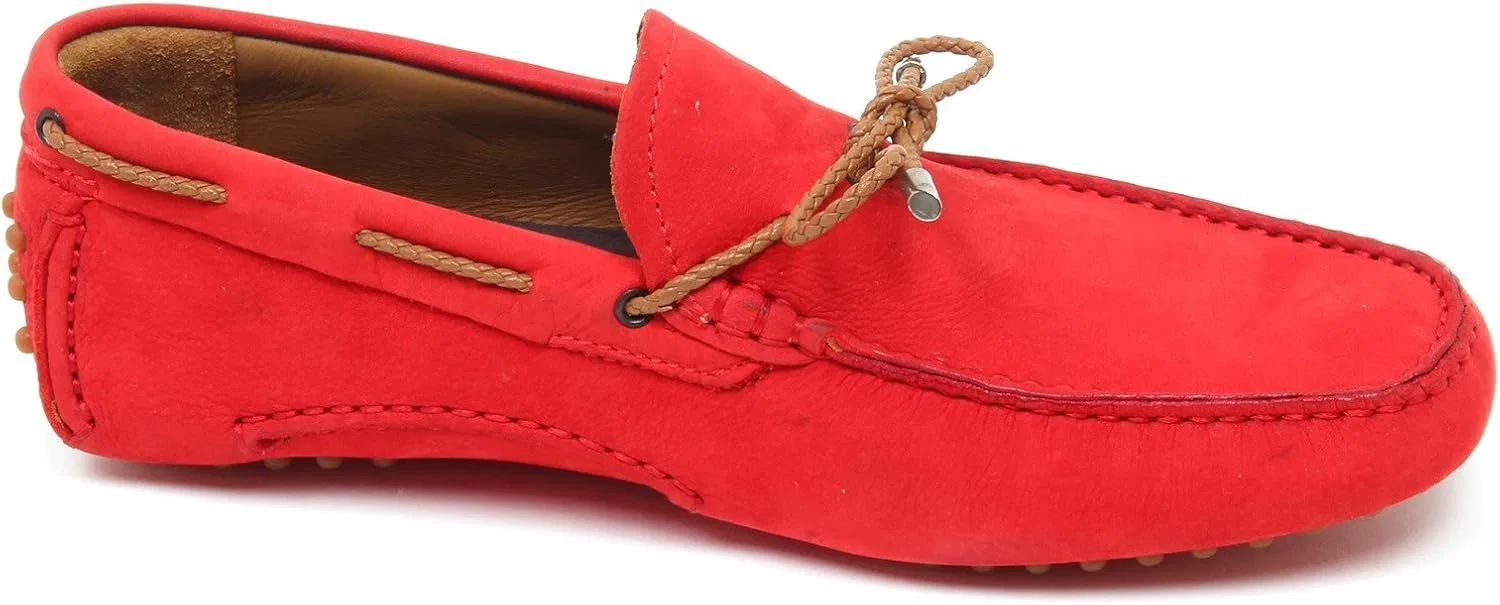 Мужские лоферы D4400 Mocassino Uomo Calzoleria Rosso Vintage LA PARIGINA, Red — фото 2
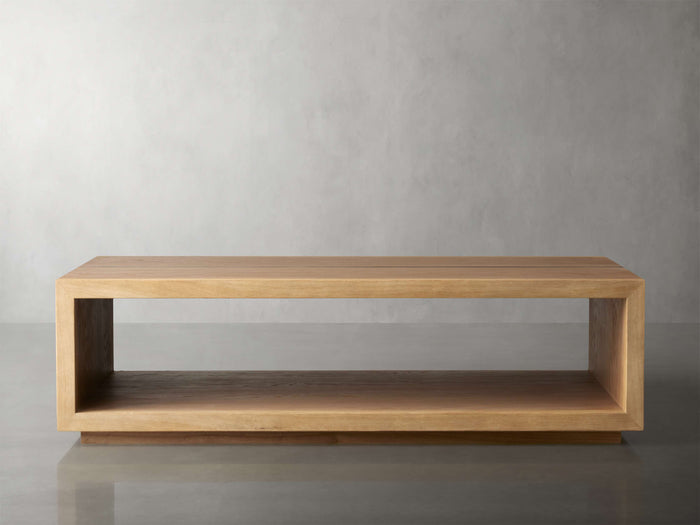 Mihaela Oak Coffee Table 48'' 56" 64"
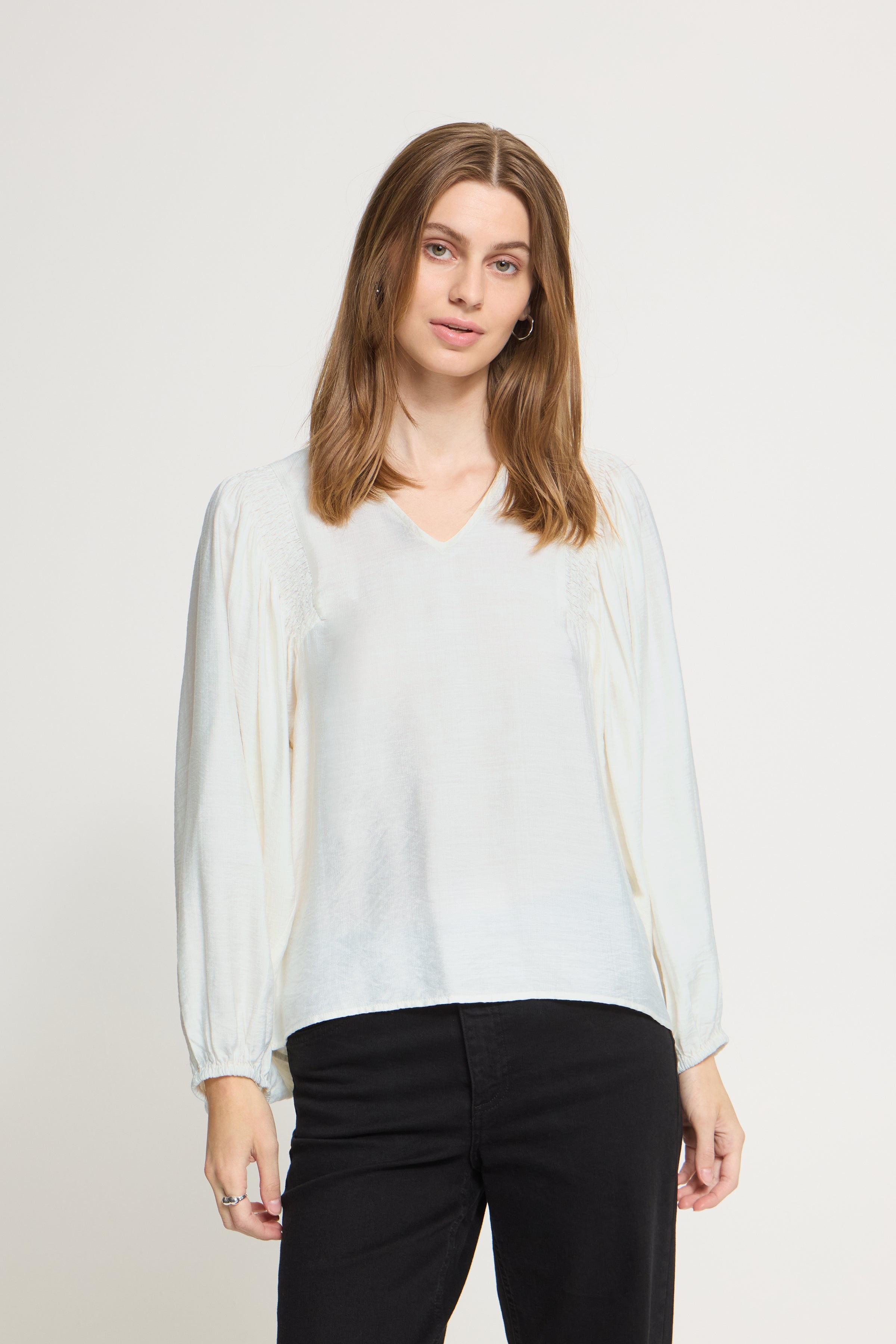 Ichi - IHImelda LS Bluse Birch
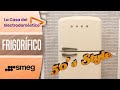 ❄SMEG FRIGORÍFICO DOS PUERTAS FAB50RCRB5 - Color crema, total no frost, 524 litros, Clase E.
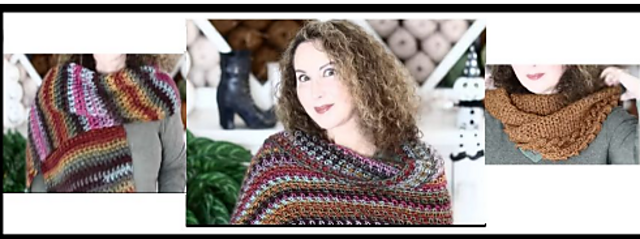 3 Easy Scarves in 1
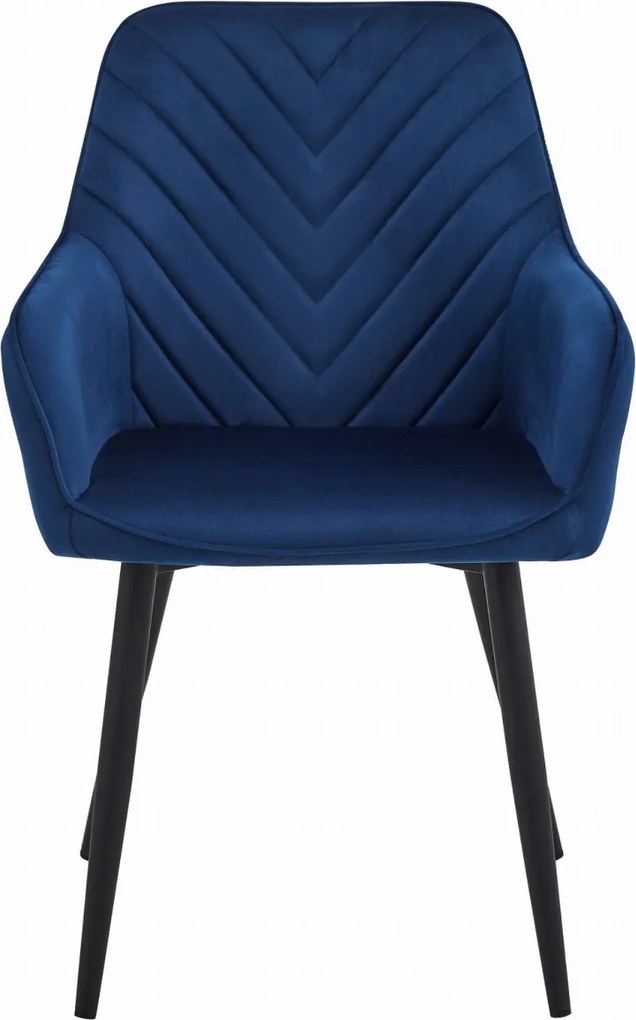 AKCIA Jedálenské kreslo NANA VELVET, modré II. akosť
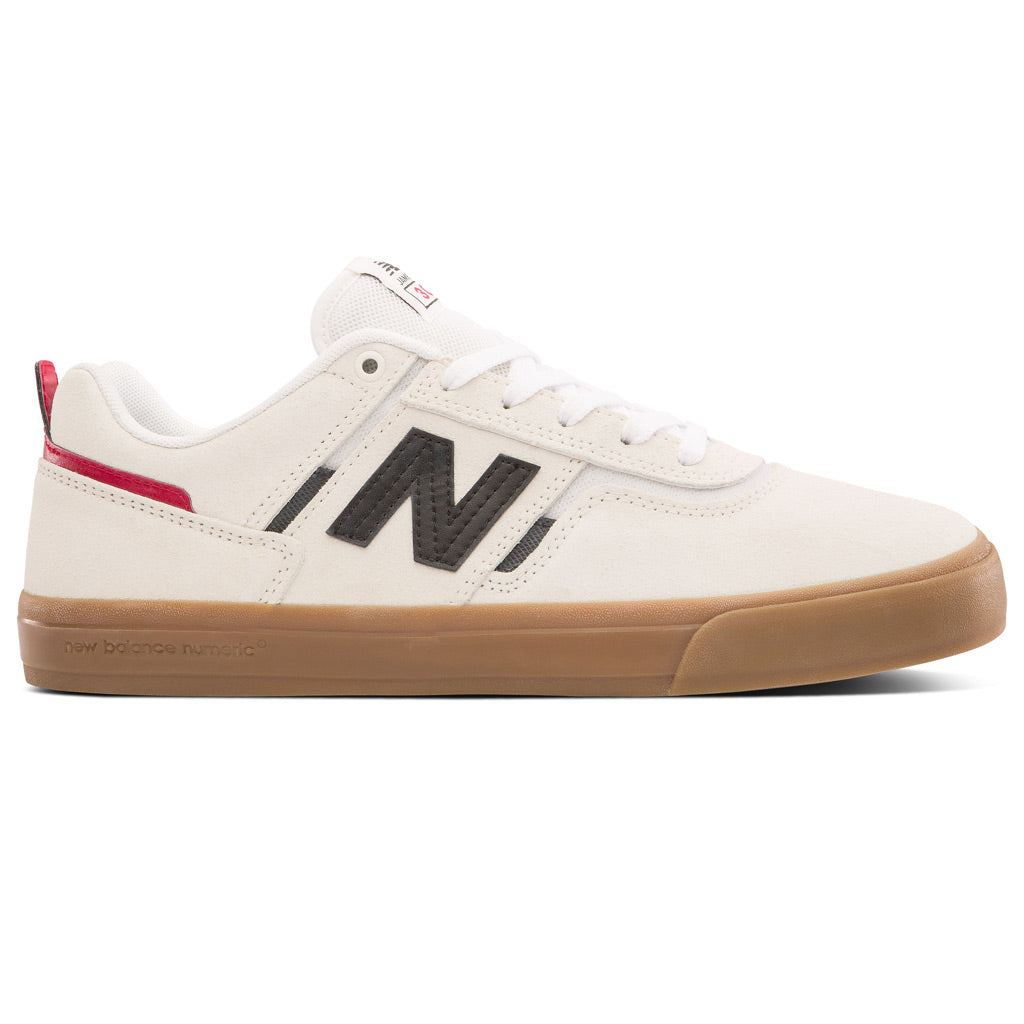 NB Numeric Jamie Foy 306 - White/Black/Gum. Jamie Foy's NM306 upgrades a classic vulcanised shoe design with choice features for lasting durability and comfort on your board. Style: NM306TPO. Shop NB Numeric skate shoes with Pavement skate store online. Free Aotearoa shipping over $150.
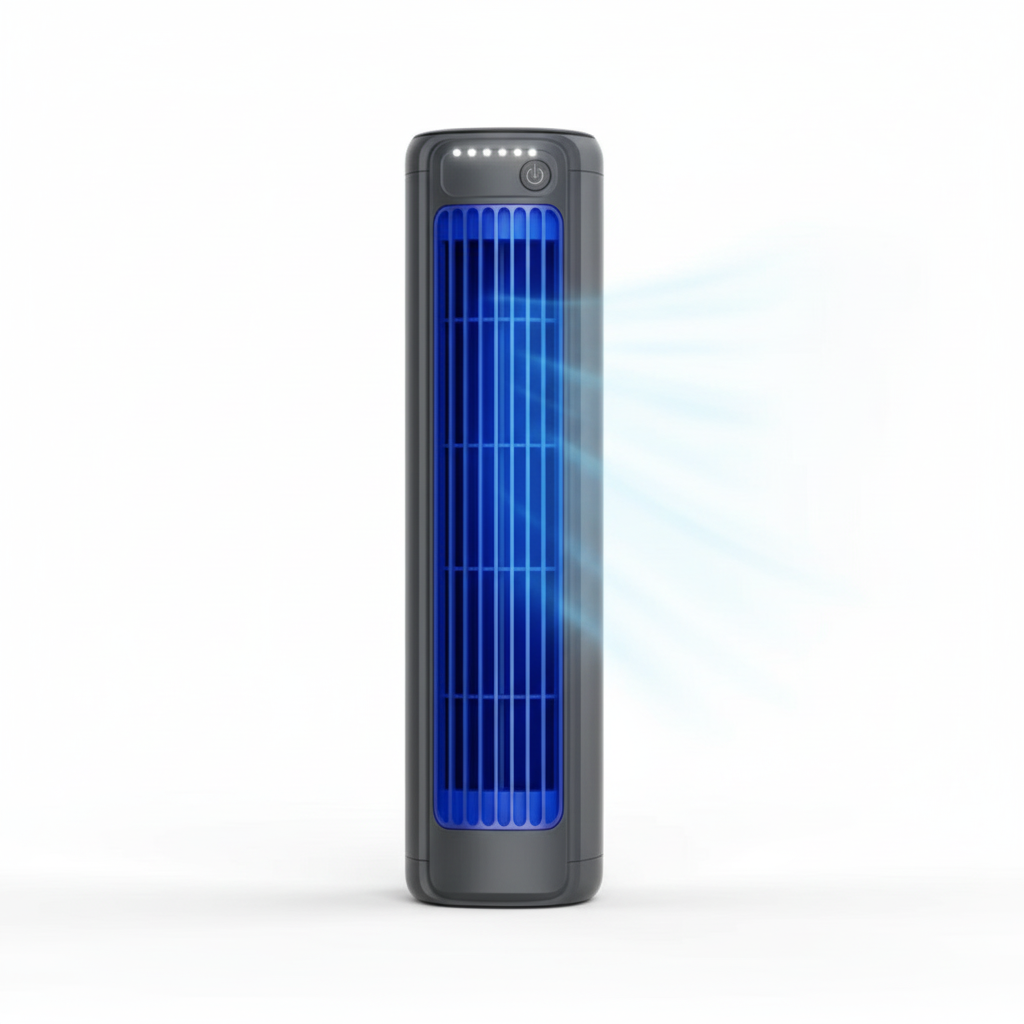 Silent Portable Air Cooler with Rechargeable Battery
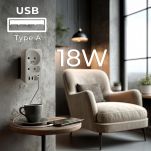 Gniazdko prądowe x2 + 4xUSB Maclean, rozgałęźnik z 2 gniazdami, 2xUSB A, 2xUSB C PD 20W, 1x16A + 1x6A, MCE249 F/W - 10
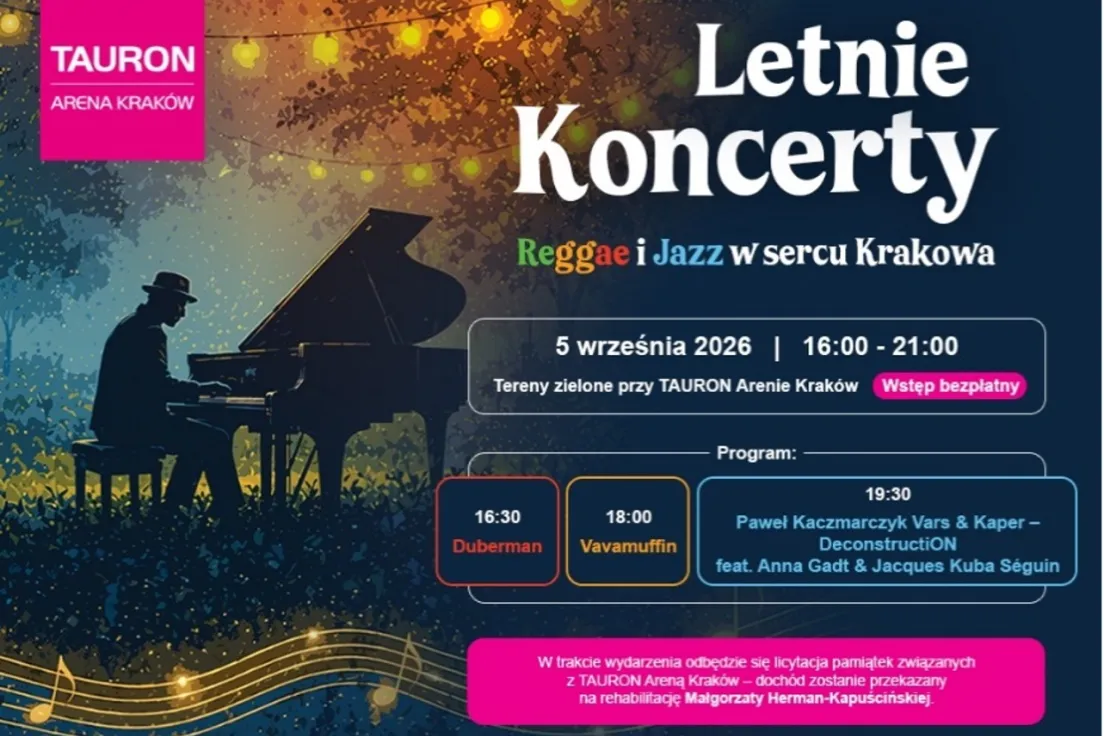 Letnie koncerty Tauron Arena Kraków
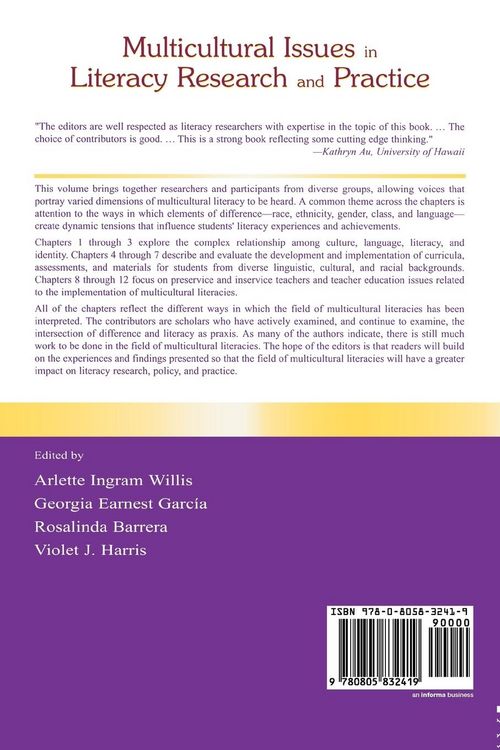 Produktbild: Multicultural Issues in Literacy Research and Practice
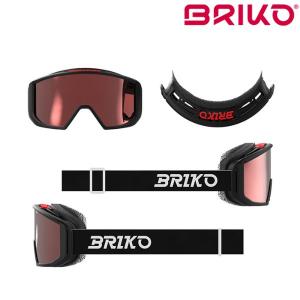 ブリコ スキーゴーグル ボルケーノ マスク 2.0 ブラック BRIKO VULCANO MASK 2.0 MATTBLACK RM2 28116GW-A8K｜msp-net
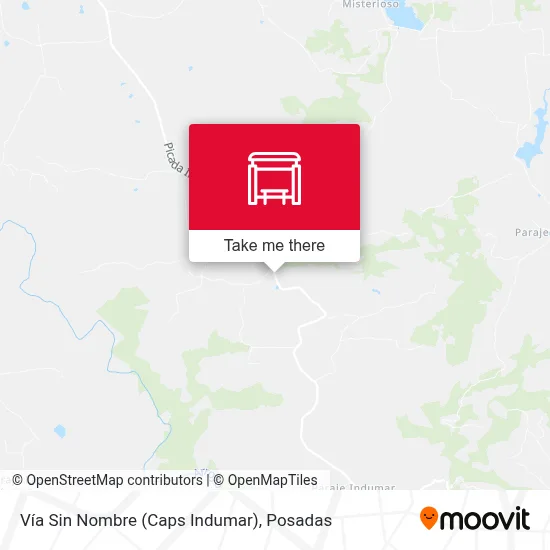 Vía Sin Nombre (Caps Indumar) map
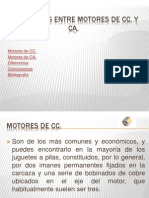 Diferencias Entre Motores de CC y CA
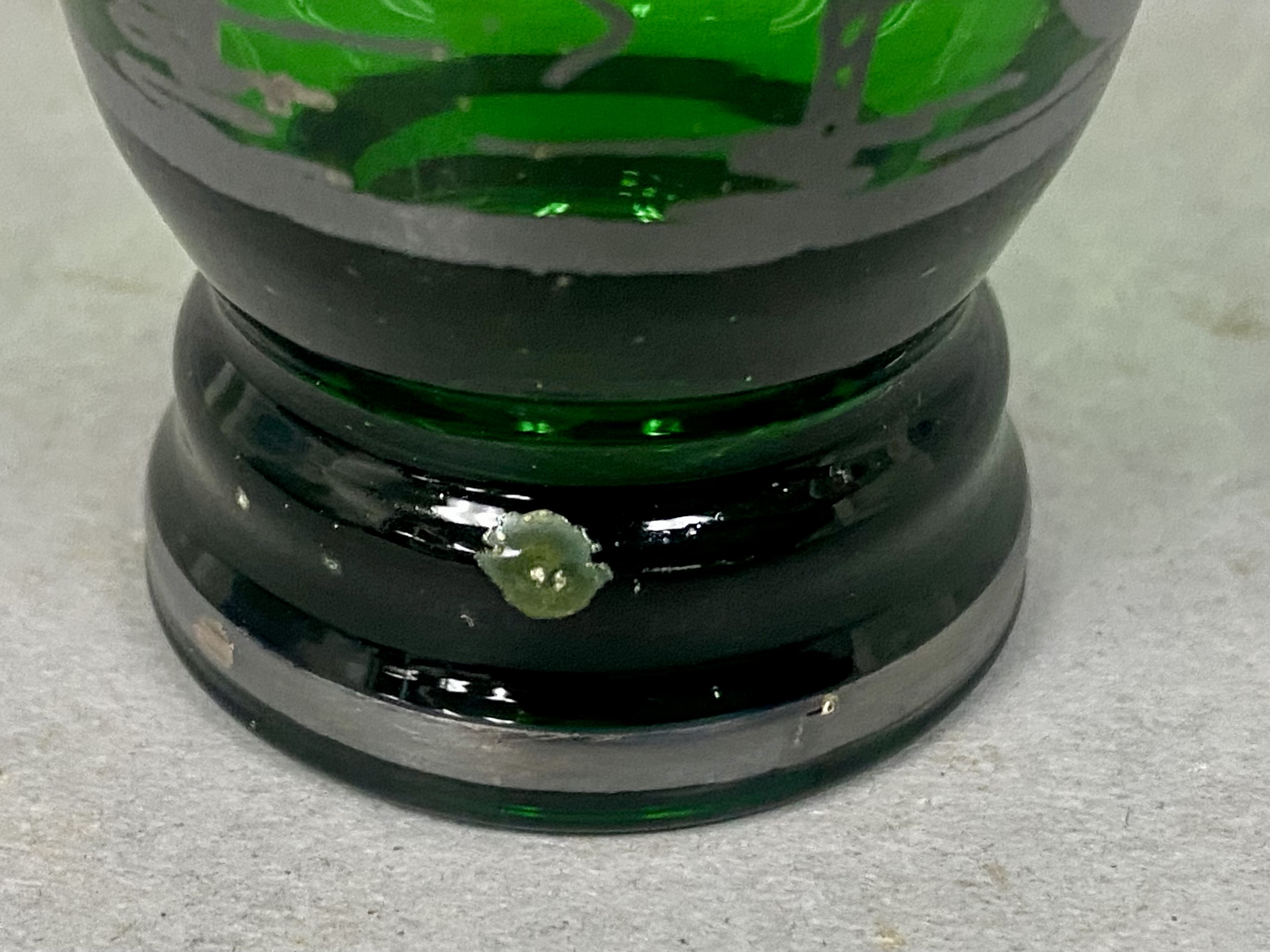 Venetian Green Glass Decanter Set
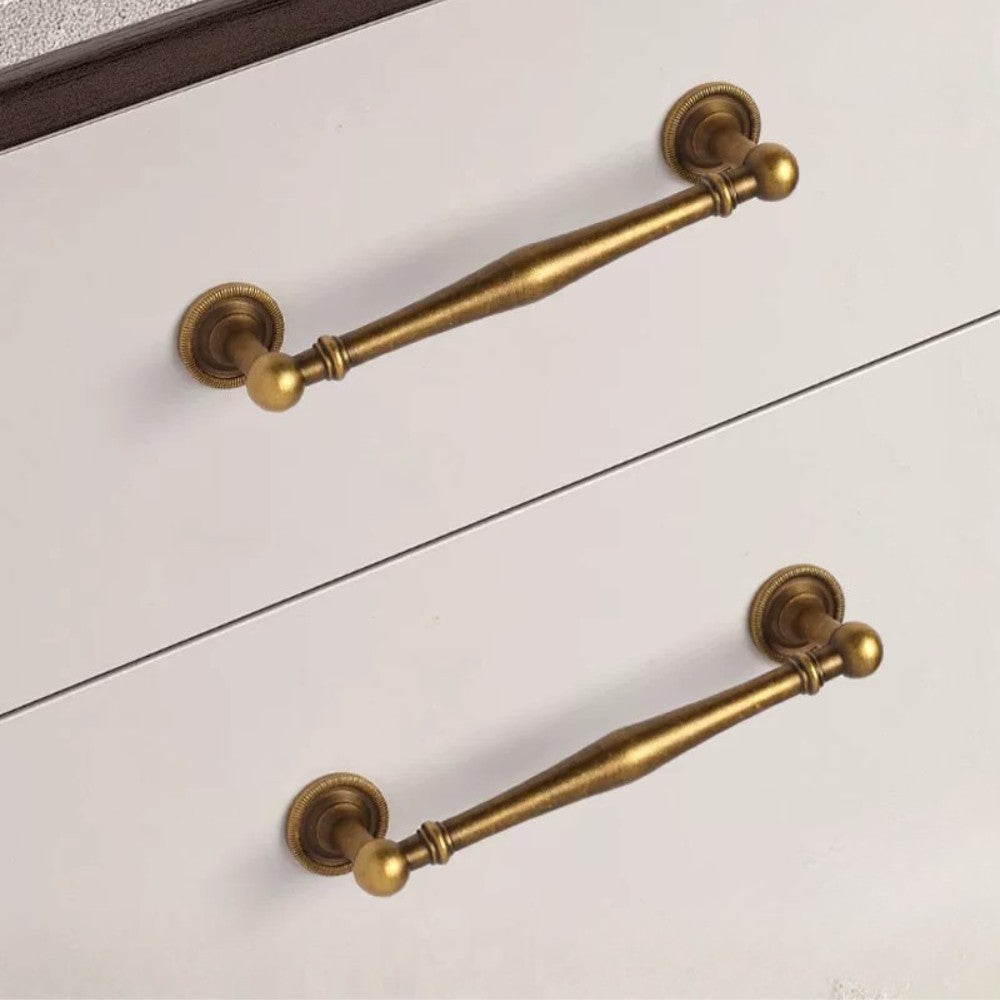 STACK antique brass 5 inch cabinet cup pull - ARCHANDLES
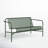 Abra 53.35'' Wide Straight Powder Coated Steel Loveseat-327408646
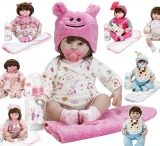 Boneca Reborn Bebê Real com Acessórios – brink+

=== TASK GOAL ===
Word for word, copy all the entries above, but with no pictures.

=== TASK ANSWER ===
 Мужские лоферы D4400 Mocassino Uomo Calzoleria Rosso Vintage LA PARIGINA, Red — фото 2
 Mihaela Oak Coffee Table 48'' 56" 64"
 Ichi - IHImelda LS Bluse Birch
 ❄SMEG FRIGORÍFICO DOS PUERTAS FAB50RCRB5 - Color crema, total no frost, 524 litros, Clase E.
 3 Easy Scarves in 1
 AKCIA Jedálenské kreslo NANA VELVET, modré II. akosť
 NB Numeric Jamie Foy 306 - White/Black/Gum. Jamie Foy's NM306 upgrades a classic vulcanised shoe design with choice features for lasting durability and comfort on your board. Style: NM306TPO. Shop NB Numeric skate shoes with Pavement skate store online. Free Aotearoa shipping over $150.
 Silent Portable Air Cooler with Rechargeable Battery
 Gniazdko prądowe x2 + 4xUSB Maclean, rozgałęźnik z 2 gniazdami, 2xUSB A, 2xUSB C PD 20W, 1x16A + 1x6A, MCE249 F/W - 10
 Letnie koncerty Tauron Arena Kraków
 Produktbild: Multicultural Issues in Literacy Research and Practice
 ブリコ スキーゴーグル ボルケーノ マスク 2.0 ブラック BRIKO VULCANO MASK 2.0 MATTBLACK RM2 28116GW-A8K｜msp-net
 Vía Sin Nombre (Caps Indumar) map
 Diferencias Entre Motores de CC y CA
 Venetian Green Glass Decanter Set
 STACK antique brass 5 inch cabinet cup pull - ARCHANDLES
 Abra 53.35'' Wide Straight Powder Coated Steel Loveseat-327408646
 Boneca Reborn Bebê Real com Acessórios – brink+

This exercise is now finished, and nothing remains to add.